Distribution Integrity Management Rule
By James Stout, UGI Utilities, Inc., and Tony Sileo, Opvantek, Inc. | February 2009 Vol. 236 No. 2
  • Filter repairs by cause and material to focus on specific threat categories.
  • Cover at least one normal leak survey cycle (two is better) across the entire system.

By at least capturing the leaks discovered during the most recent leak survey on every active pipe in the network, a risk-assessment system will initially focus attention on areas with recent corrosion, joint leaks, or other time-correlated threats.

When attempting to associate a leak repair with the correct facility in a geographic information system (GIS), there is a series of challenges that must be addressed. These include poor address quality, no zip code or city, multiple candidate address locations, facilities drawn relative to inaccurate (legacy) land-base maps, and retired facilities that are no longer available in the geographic information system (GIS).

Geocoding Process

To address all of these challenges, it is best to implement a multi-stage approach to leak geocoding and pipe association:

  1. Construct Candidate Addresses. For each record, construct a series of possible addresses using each of the possible street aliases and each overlapping zip code.
  2. Geocode. Obtain all candidate locations for each candidate address.
  3. Find Candidate Facilities. For each candidate location, search (in the GIS) for candidate facilities based on attributes of the repair record (main pipe, service pipe, valve, regulator and material type.). Use a maximum search radius that is based on the relative accuracy of the land-base. Widening the search radius will lead to more false positive matches and will also increase the overall processing time.
  4. Compute Confidence Score. For each candidate facility, use a combination of available attributes in the repair record and the facility record to compute a score indicating the confidence that it is the correct facility. Use the actual proximity as part of the confidence score (preference for facilities that are closer to the address location when all other attributes match).
  5. Select Best Location. Select the candidate site and nearby facility with the highest confidence score. Place the leak on the facility, at the point closest to the best address location.

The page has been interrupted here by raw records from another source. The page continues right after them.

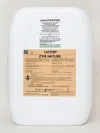 ZYM NATURE 25 kg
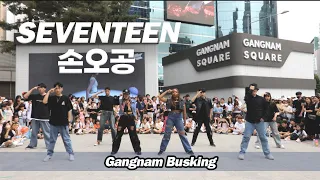 2023 DANCEJOA K-POP & STREET Busking 게스트 무대 SEVENTEEN(세븐틴) - 'Super(손오공)' Cover Dance In Gangnam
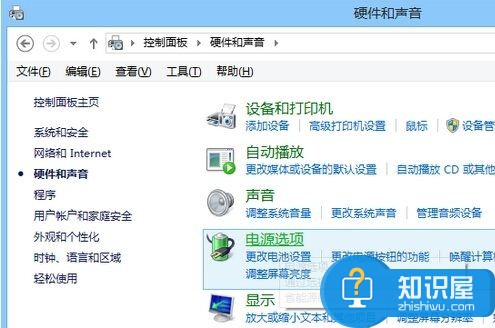 win8系统无法进入bios设置怎么办 win8电脑怎么进入bios方法技巧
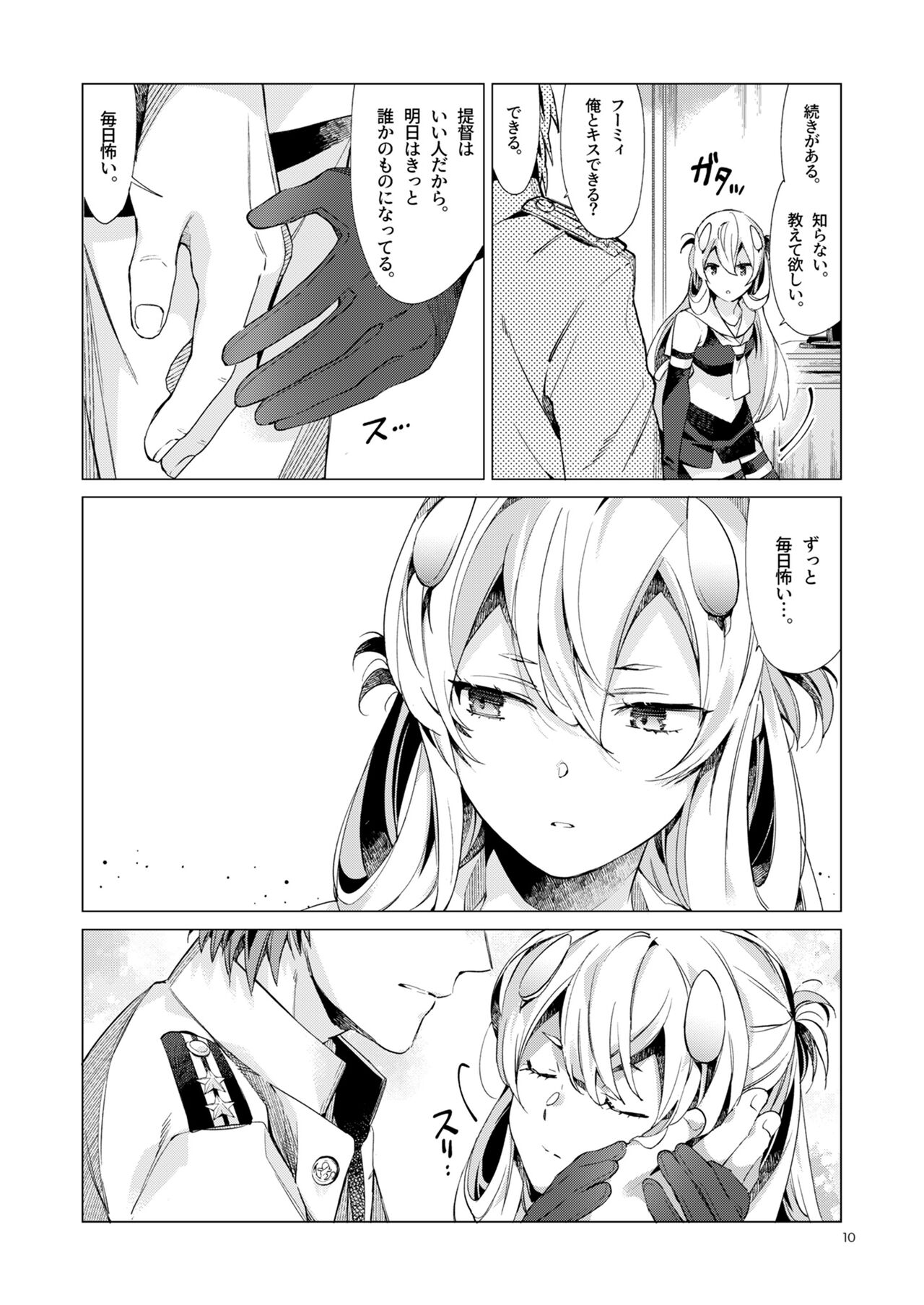 Fuumi Holic page 9 full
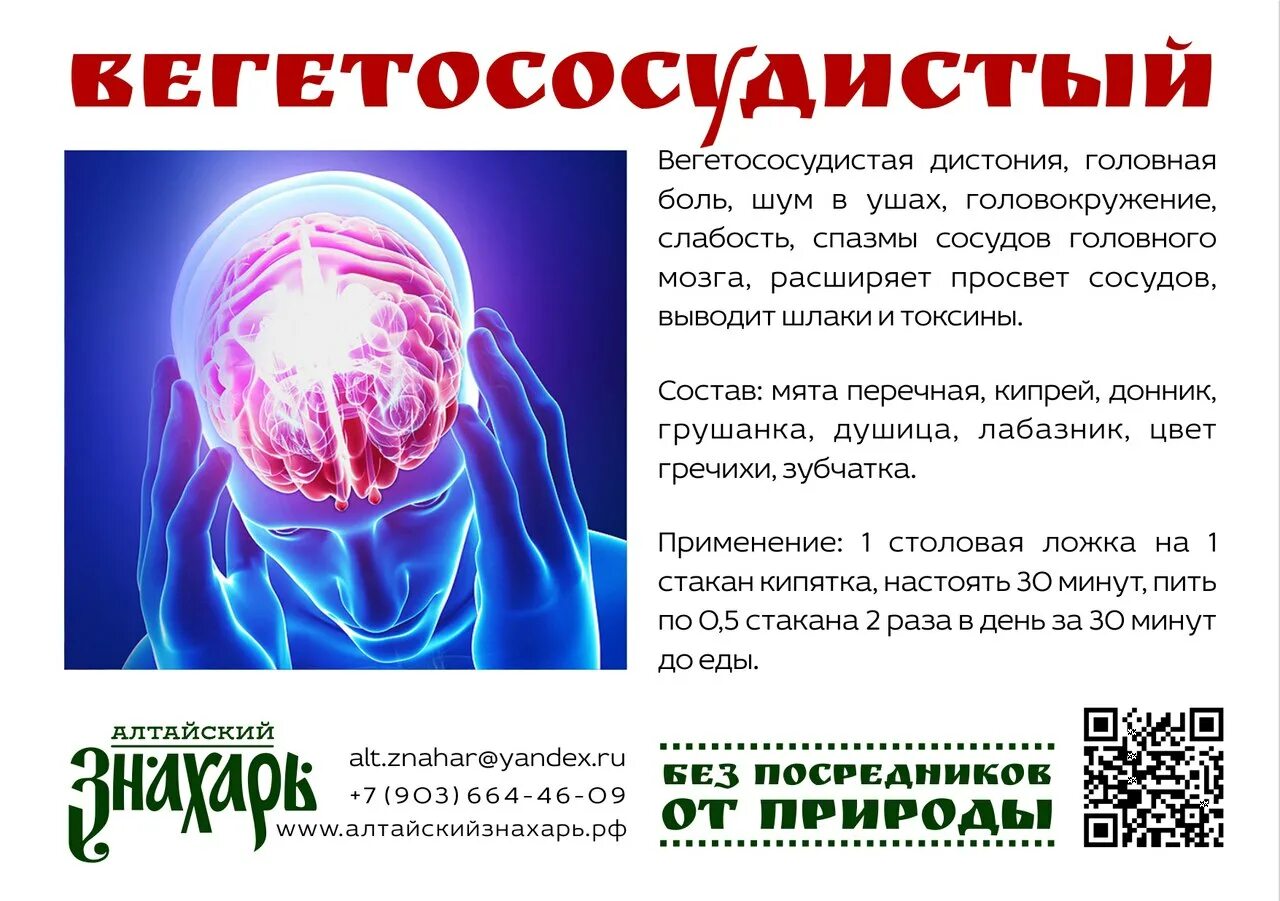 Всд вахта. Травы при вегетососудистой дистонии. Книги про вегетососудистую дистонию. ВСД картинки. Капельницы от вегетососудистой дистонии.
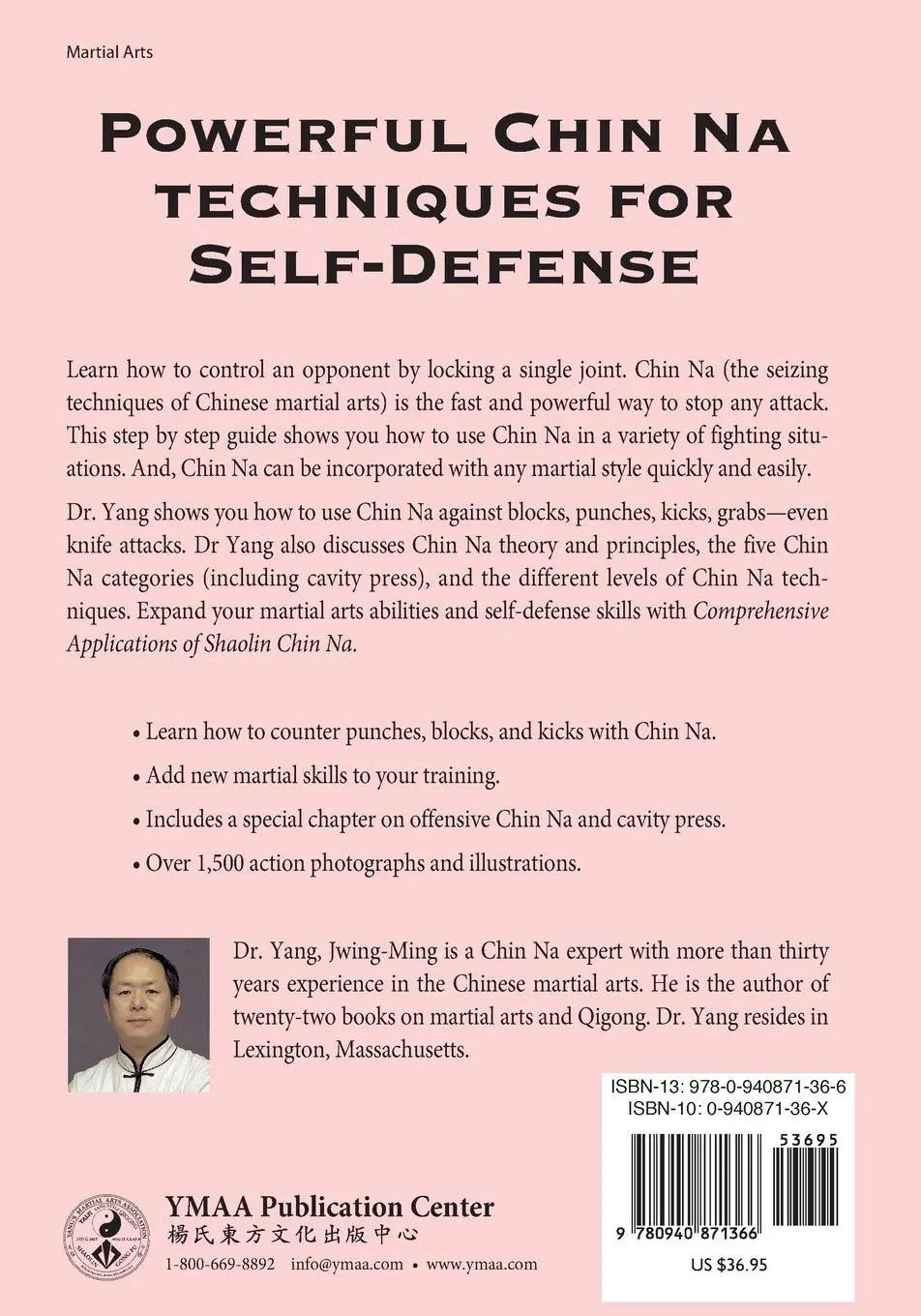 Rückseite: 9780940871366 | Comprehensive Applications in Shaolin Chin Na | Jwing-Ming Yang | Buch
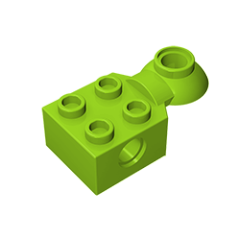 GOBRICKS GDS-1089 Brick Modified 2 x 2 with Pin Hole, Rotation Joint Ball Half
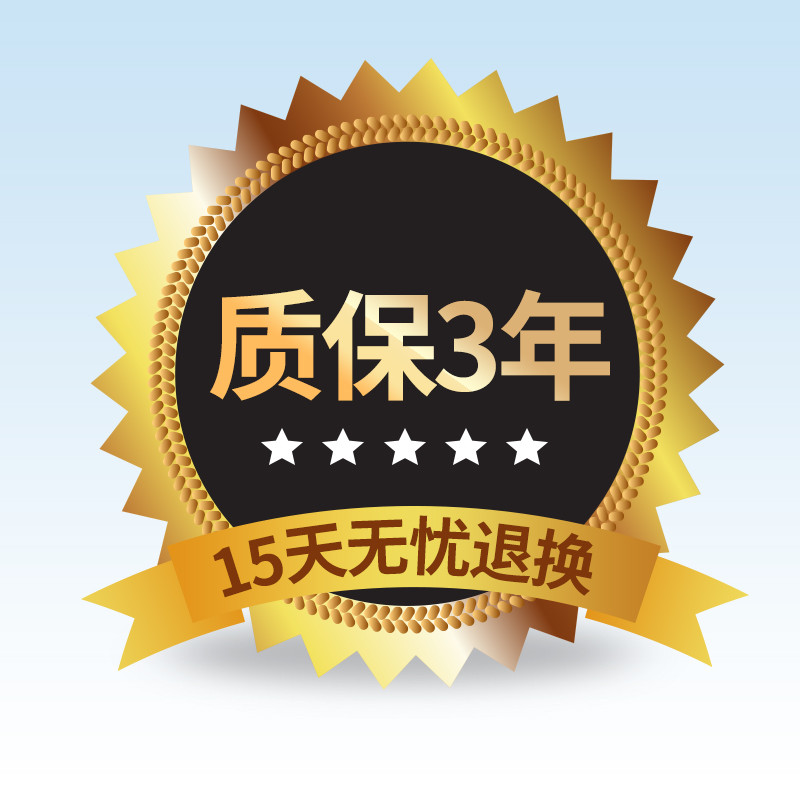瑞士希箭HOROW专业质保 质保 款式A质保3年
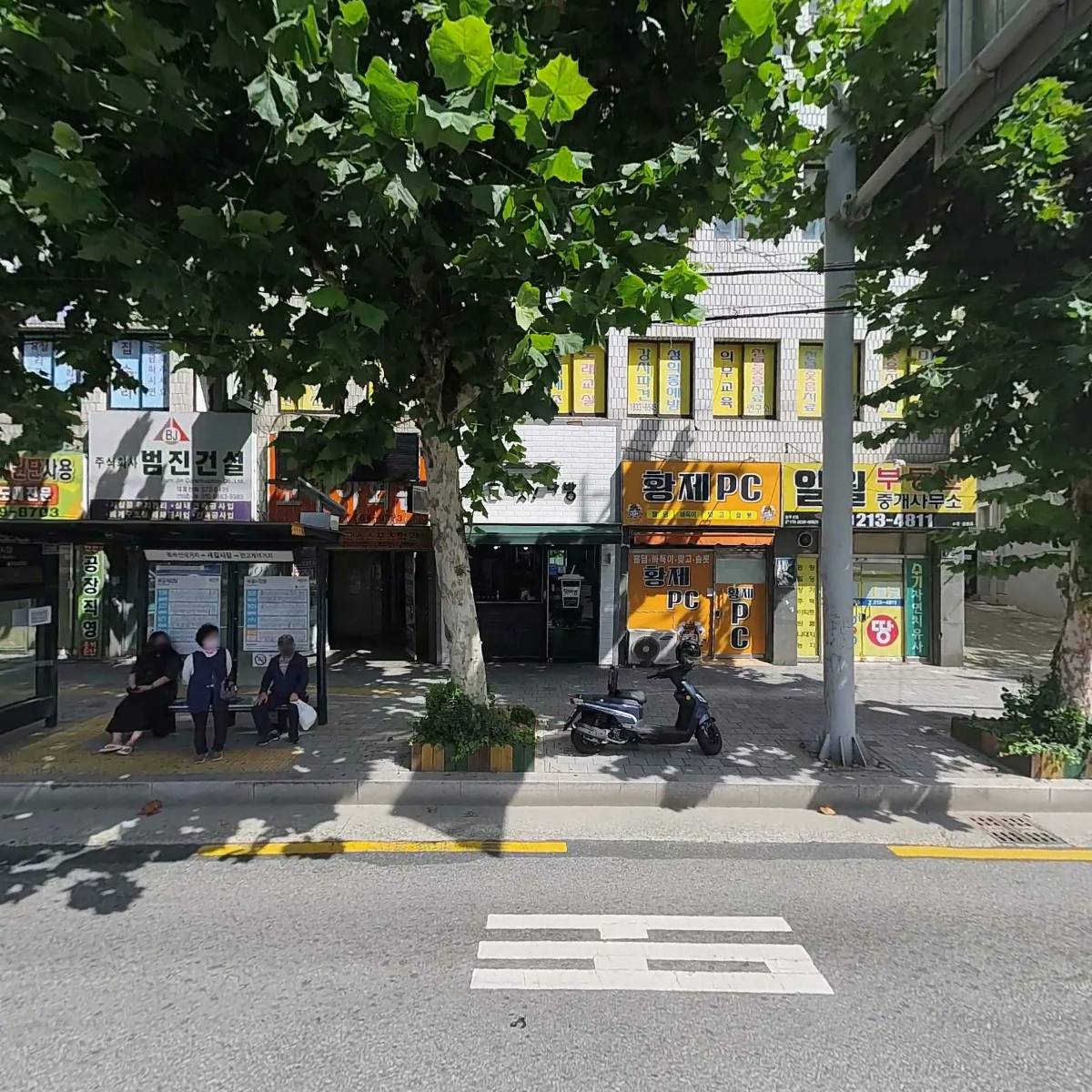 창의전래놀이교육협회(지도사)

It is also worthwhile to retain the following information as part of the process:

  • Coordinates of the best address location.
  • Confidence score.
  • Direct relationship of the leak to the best matched facility.

Finally, note that the same basic approach can be applied to match pipe inspection reports or service card locations to the best location in the GIS.

What About The Rest?

Once all leaks have been processed and matched to the best candidate location and facility, there will be a (hopefully small) set of leaks with either no candidate location, or with confidence score below some established threshold. It may be worth manual intervention on some or all of these remaining leaks to attempt to determine where they belong. When considering this remaining manual effort, it is also feasible to filter the list to include only recent leaks or only leaks of certain types. This determination might be based on an overall threat analysis (e.g., manually review all remaining cast iron breaks, but only look at corrosion leaks from the last five years).